What It Means If You Failed The NCLEX With 265 Questions

What It Means If You Failed The NCLEX With 265 Questions


Have you recently taken your NCLEX exam and you didn’t pass after getting all 265 questions on your NCLEX-RN exam and you don’t know why?

Has this happened to you more than once and of course all categories were what, NEAR PASSING?

So frustrating right?

Well then you definitely want to read this article to help give you some answers.

Now one thing I should say is that as an NCLEX Prep Coach, I spend time doing A LOT of research.

What I’m about to share with you is not the case for EVERY single situation but it’s what I found for many situations consistently.

This applies to people who have spent time studying for their exam, got 265 questions and failed with near passing in all categories.

Here’s the one thing I found if this identifies you.

The main thing that you are struggling with the most is CRITICAL THINKING.

Sounds like a cliche answer huh?
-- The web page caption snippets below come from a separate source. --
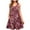 Multicolor1, variant on Puyaiuu New Summer Dresses for Women 2025 Loose Round Neck Sleeveless Mid-Length Dress Skin-Friendly with Pocket Print Womens Summer Dresses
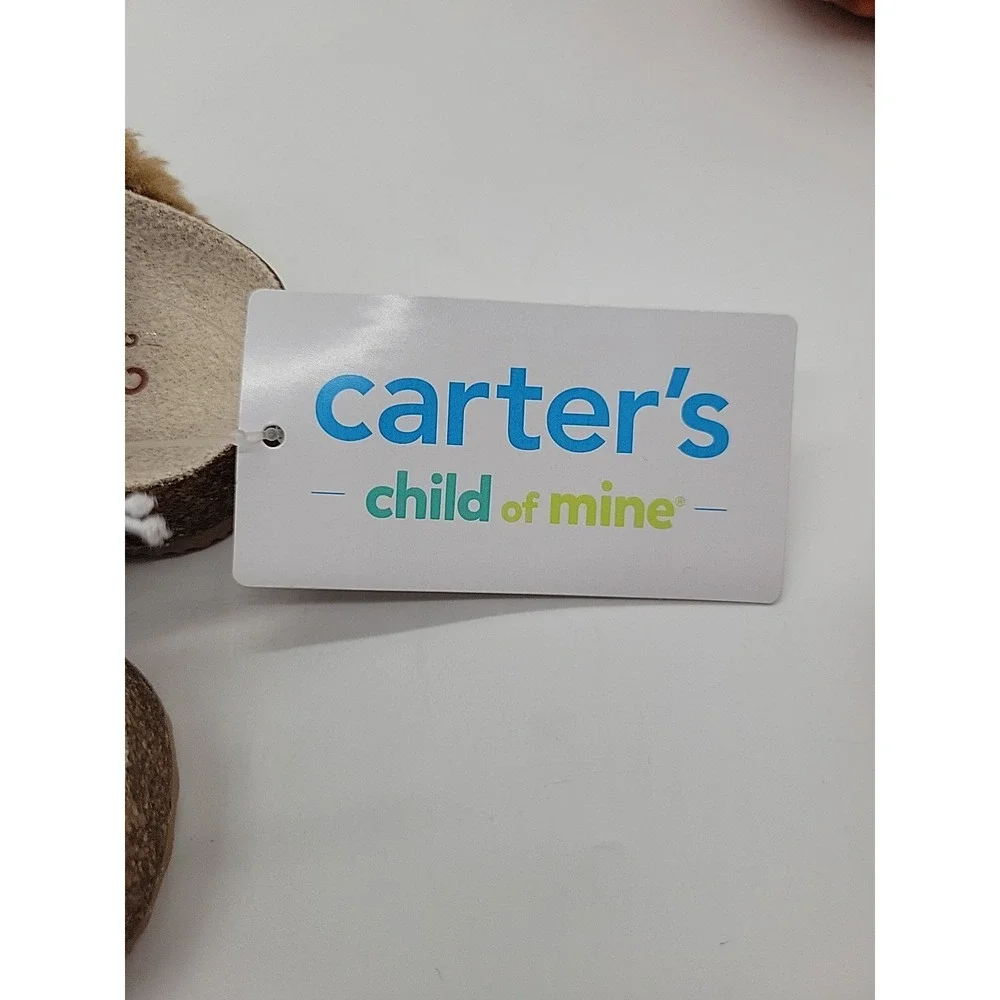 NEW Carter's Child Of Mine Baby Alya Clogs Girls Brown Size 2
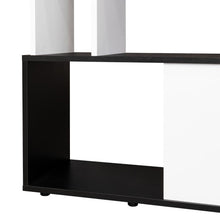 Biblioteca Noah, Wengue y Blanco Vainilla, con compartimientos para objetos de estudio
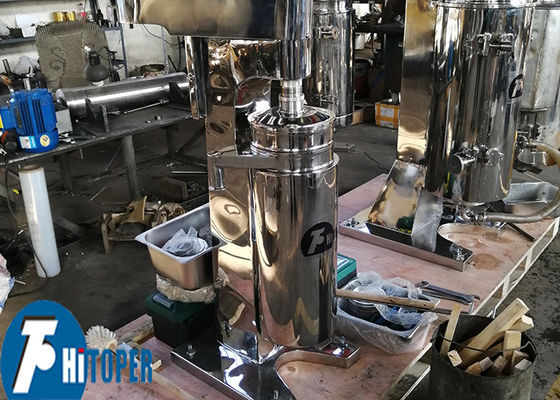 Industrial Tubular Centrifuge for Liquid Liquid Solid Separation Featuring Flexible Mainshaft and Bowl Collecting Pan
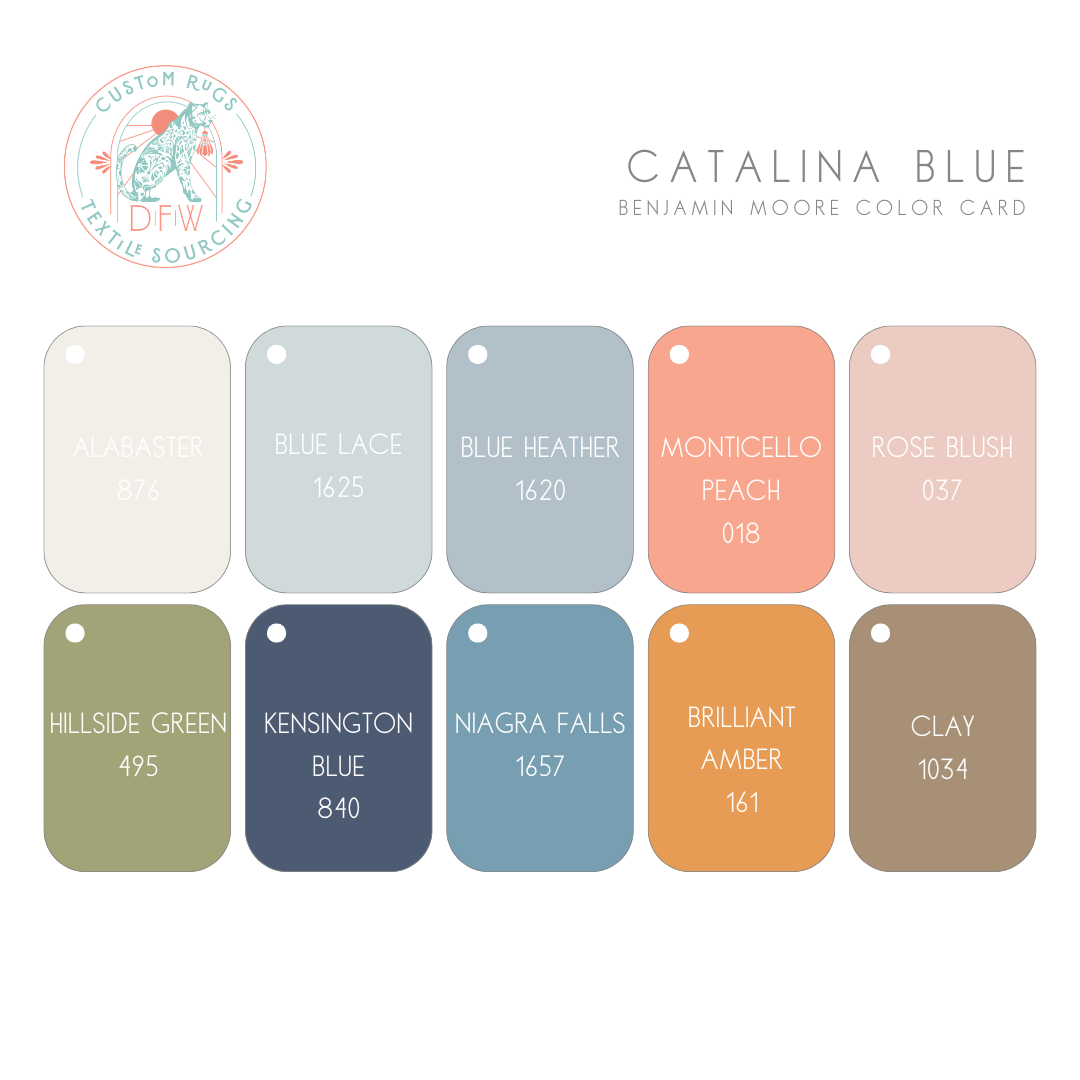 Catalina Blue Modern Oushak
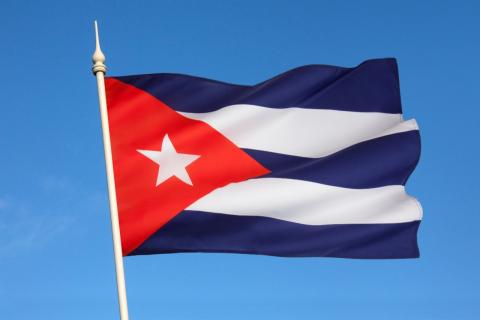 Imagen de la bandera de Cuba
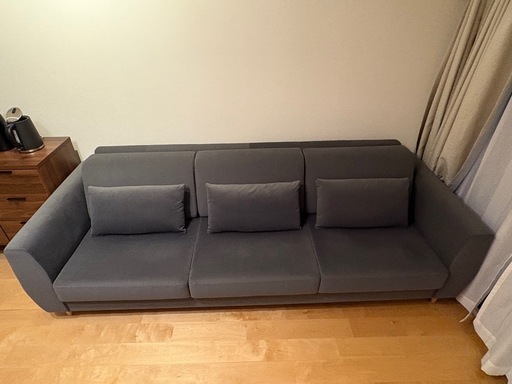 SLATORP スラトルプ 4人掛けソファ 寝椅子付き, ヴィースレ イエロー 【超美品】 半年未満 IKEA  SLATORP ソファ
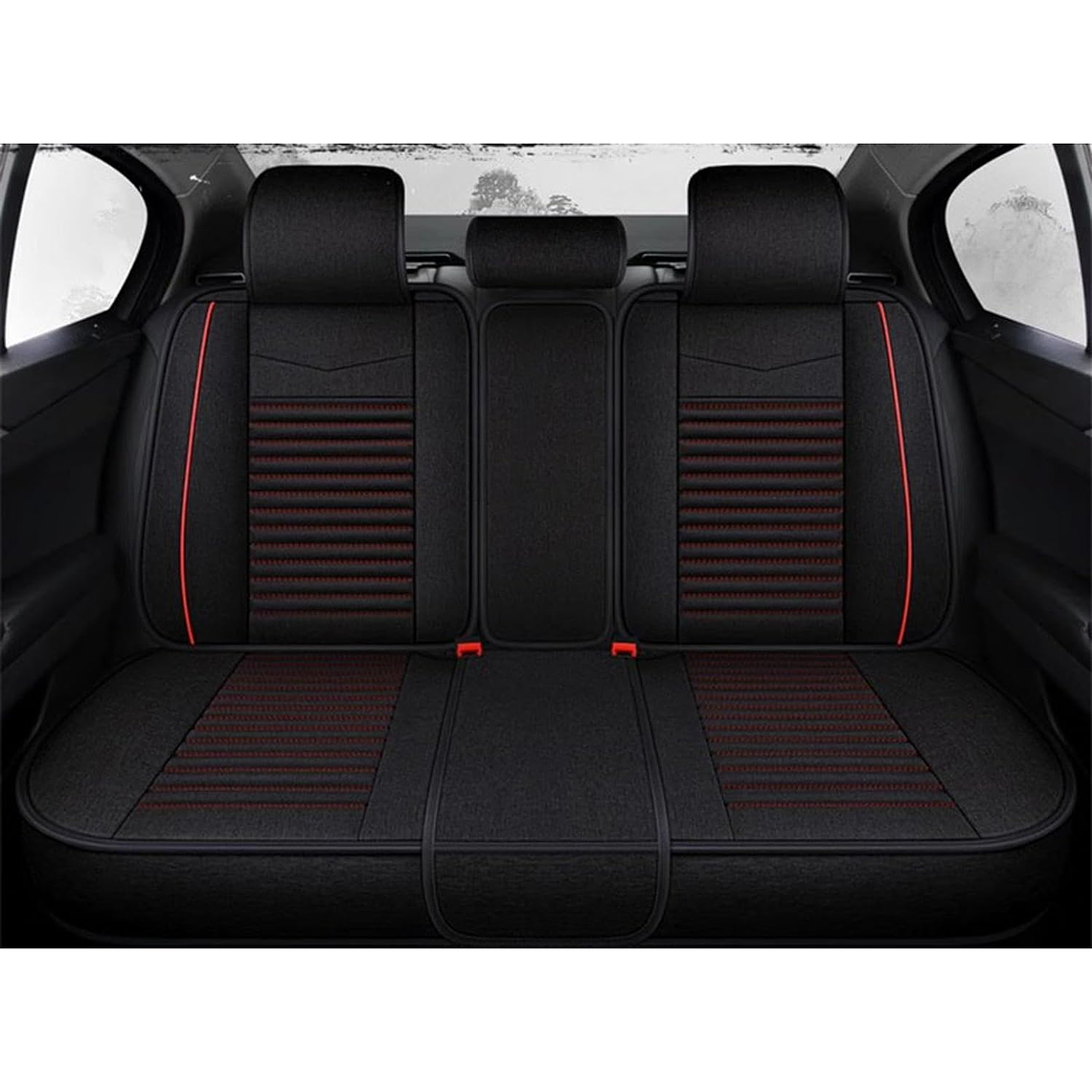 Set 5 Funda Cubre Asiento Universal Tela Forro Asiento 4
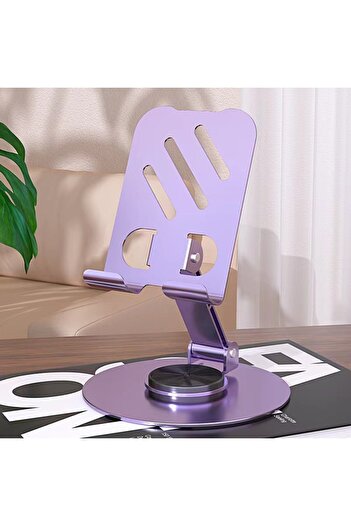 Flippy Rotating Phone Holder, Flippy, Fully Metal, 10.5 x 9 x 9 cm, 80 g, Purple
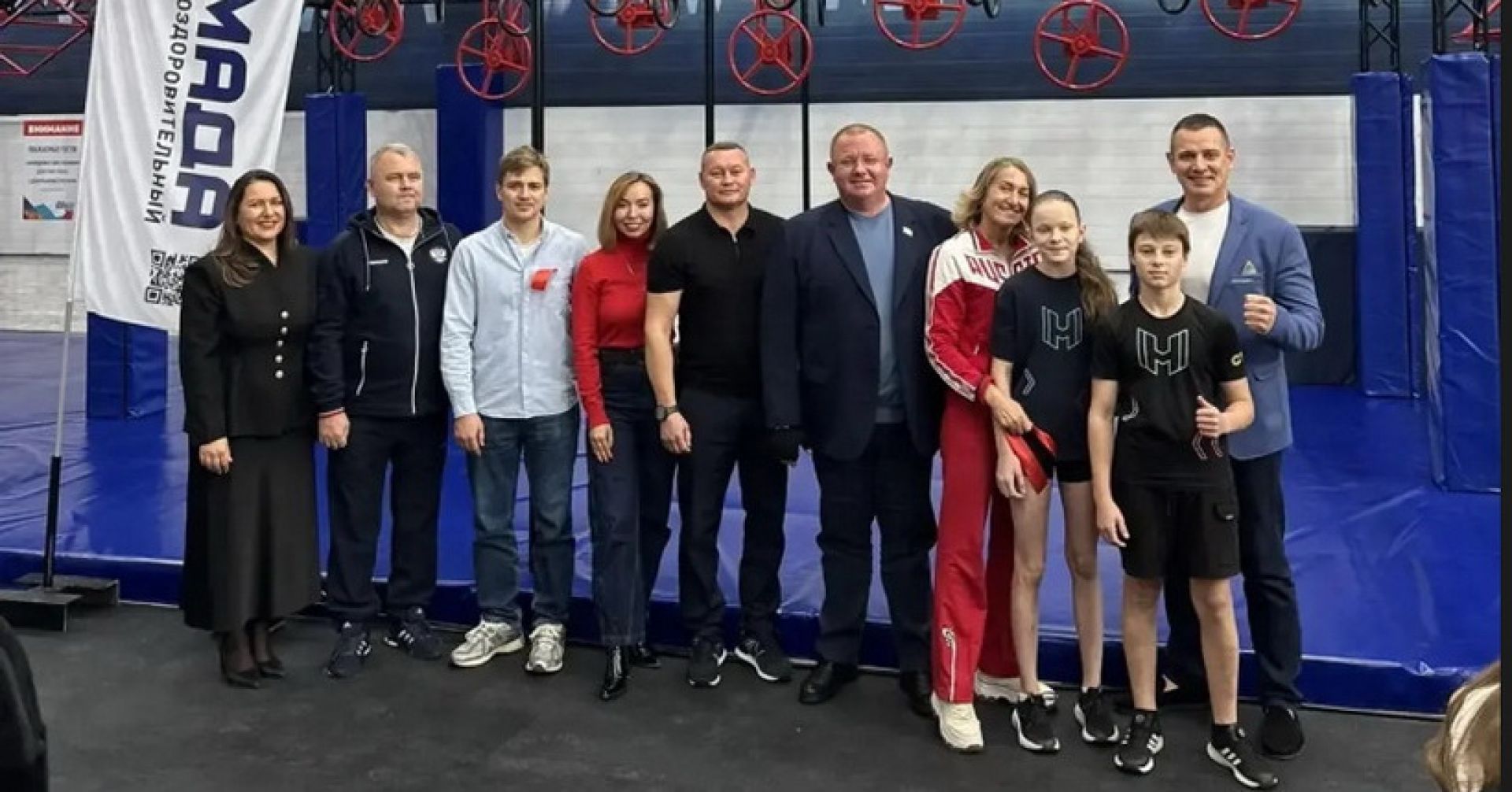 зона ниндзя-спорта в спорткомплексе "Армада"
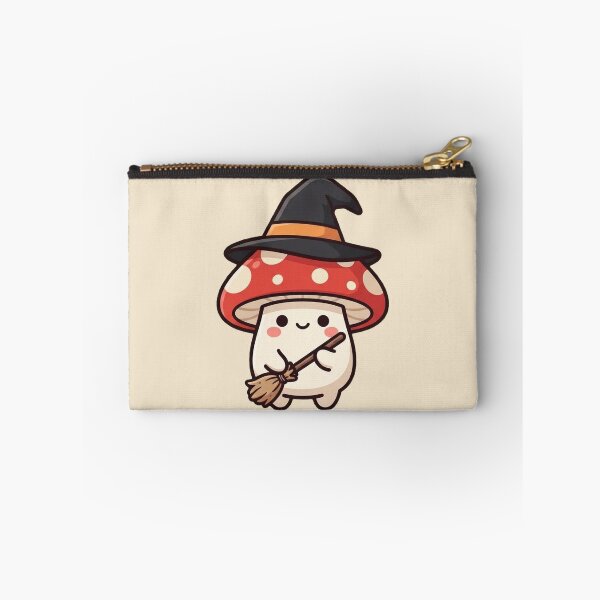Item preview, Cute Witch Mushroom with Broom designed and sold by Rariks.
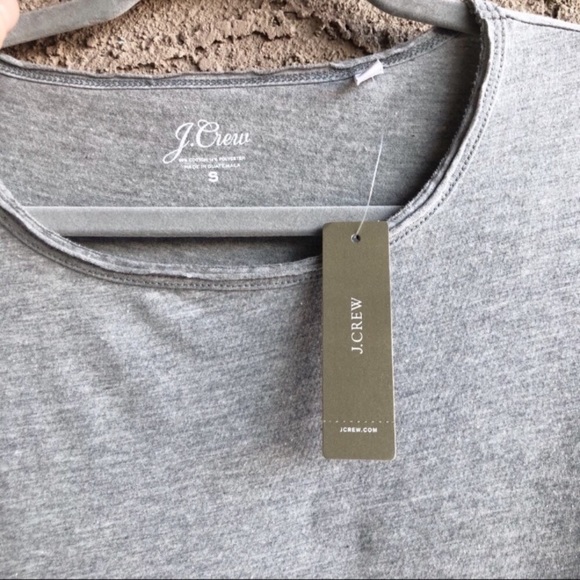 SOLD J. CREW  Supima Cotton Soft Raw Edge T Shirt - Picture 3 of 5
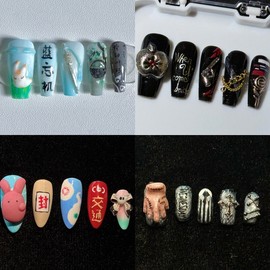 Favorite Signature Omakase Nail |Custom Nail - Coffin Egg / 최애 시그니처 오마카세 네일 | 커스텀 네일 - 코핀에그
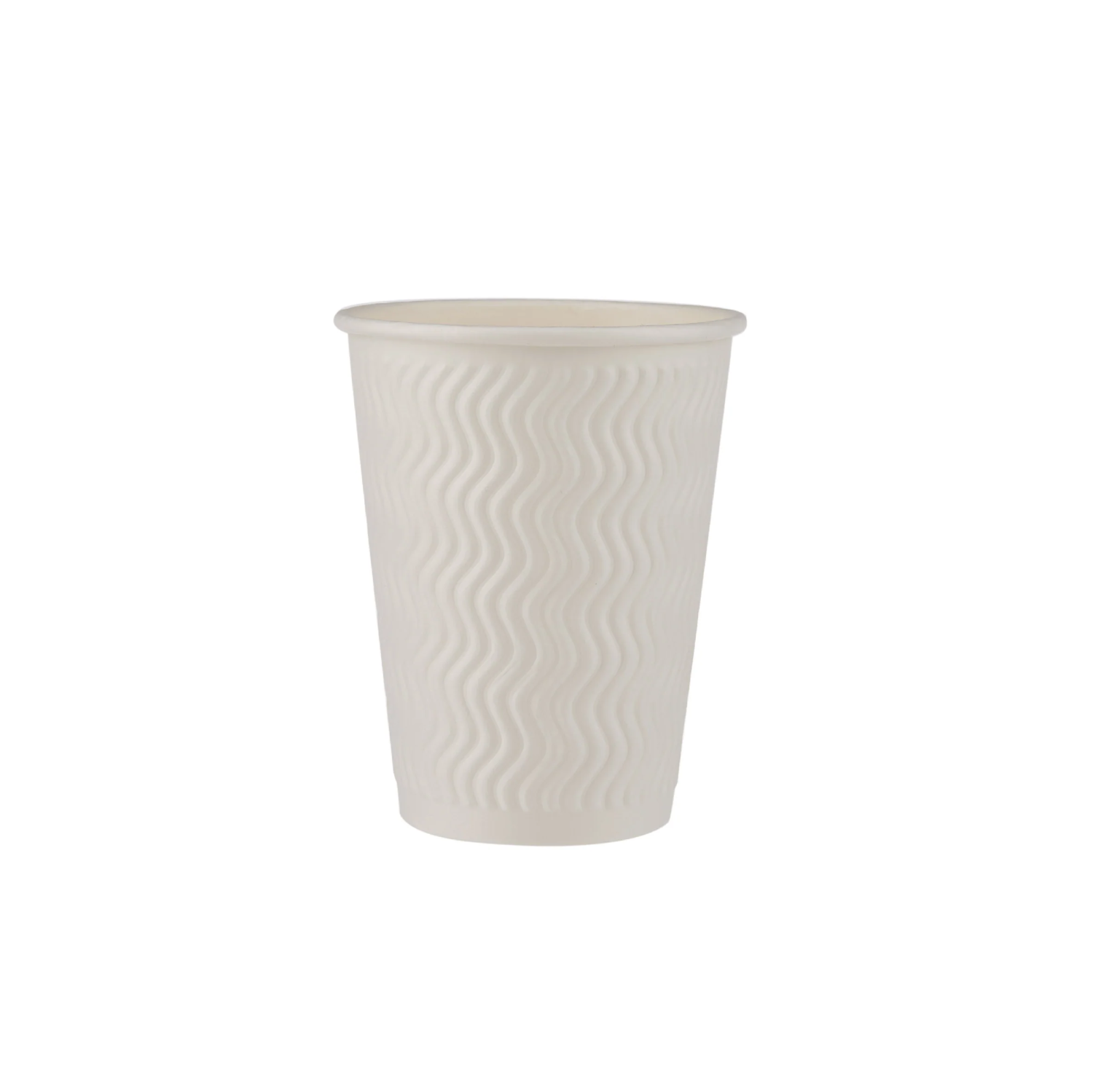 12 Oz White Embossed Paper Cups 500 Pieces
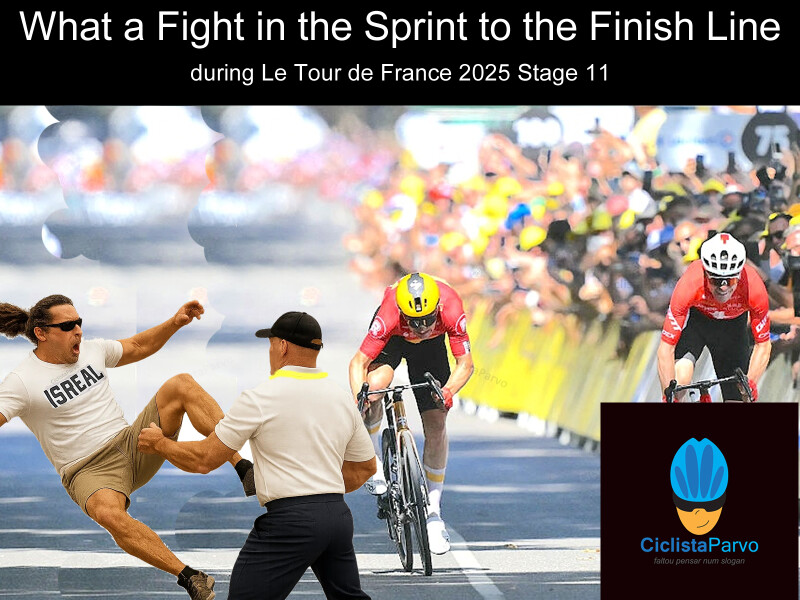 What a Fight in the Sprint to the Finish Line during Le Tour de France 2025 Stage 11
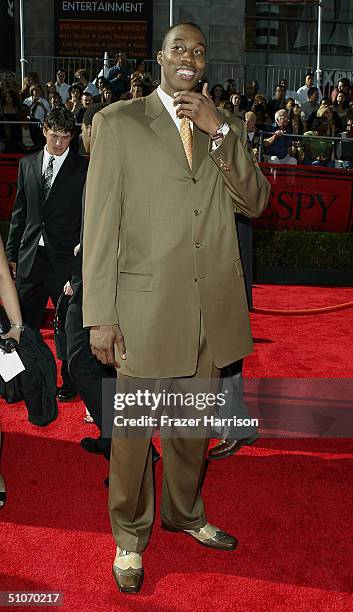 Basketball Player Dwight Howard attends the 12th Annual ESPY Awards held at the Kodak Theatre on July 14, 2004 in Hollywood, California. This year's...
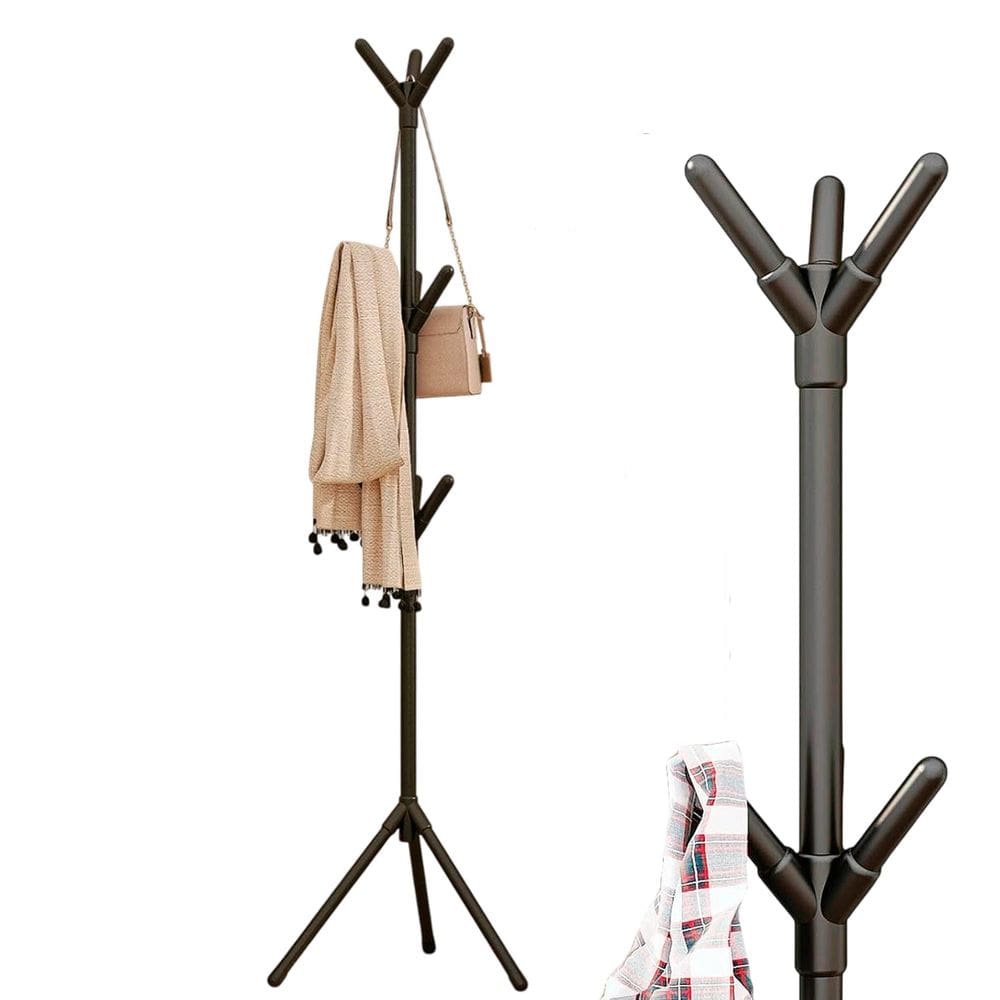 Mancebo Cabideiro Arara 9 Ganchos Organizador Chapeu Bolsa Blusa Casa Roupa Organizaçao Decoraçao Closet Quarto Banheiro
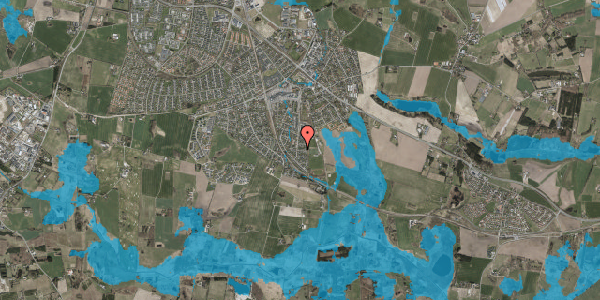 Oversvømmelsesrisiko fra vandløb på Slåenvej 3, 3660 Stenløse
Well let’s break this down.

If you were to go to the NCSBN website, one of the main things this exam is looking for you to do is to be able to “execute nursing judgment”.

Executing nursing judgement is how well you are able to think critically.

It’s your ability to look at the scenario and APPLY the nursing process. This is one area many test takers struggle with really understanding.

They know to study but they have no idea what it means to apply. Application.

Application demonstrates that you are a safe and competent nurse.

Let’s recall the nursing process.

As you remember the nursing process is five phases.

Assessing. Diagnosing. Planning. Implementing. Evaluating.

If you keep failing your NCLEX exam, then chances are that this means that you are missing or that you not applying, one or two or more of the phases above.

Or maybe you are applying all five but you not applying them correctly or here’s this part, in the RIGHT ORDER.

This is where a lot people miss it. They may even skip a step when it comes to each and every single question.

Getting all 265 questions is a sign that you are close but it’s also a sign you are not high enough with your current level of application of the nursing process.

It’s that your ability to think more critically is not HIGH enough for the exam to put you OVER to pass you.

The better you understand this, the better you will know how to adequately prepare and take the exam to finally pass.

Think on this, remember that the exam is weighted and you need to be ABOVE the passing standard  in all categories for it to pass you.

The reason why the exam is asking you so many questions is because the answers you are selecting are showing you are competent but not yet high enough in competency, so the computer is asking you more and more questions to truly identify if you are safe.

And by the time you finish the exam, the goal is for your entire weight to be at the above passing standard for the exam to pass you.

Let’s visualize this as a scale.

The scale on the right represents you with 265 questions and near passing in all categories and did not pass.

The scale on the left is 265 questions and the overall weight was HIGH enough to put that person at the above passing standard to pass them.

What’s causing the weight on the right to be balanced is that there was an even distribution of the number of questions someone received on the exam that were correct and that were wrong. Resulting in only a near passing score.

What’s causing the scale on the left to be unbalanced, is that one side has more questions correct than wrong and the overall weight is heavier resulting in an above passing score.




This is why some people can pass with 265 questions and some people can fail with 265 questions.

Because even though they got the same number of questions, the number of questions they got correct was “weightier” than the number they got wrong.

So in order to change your results from near passing to above passing so you can pass your exam, your focus needs to be thinking more critically.

Knowing the nursing process and then identifying it to every disease process, every drug, and every scenario.

Now that you are aware of this, let me ask you, did you take the exam but you didn’t get exactly near passing in every single category but failed with less questions?

Or maybe you did get 265 questions but that was several months ago and you’re not sure if all this still applies to you.

One thing I have found is that the better you know what exactly you are doing wrong, the better you will know what you are supposed to do differently.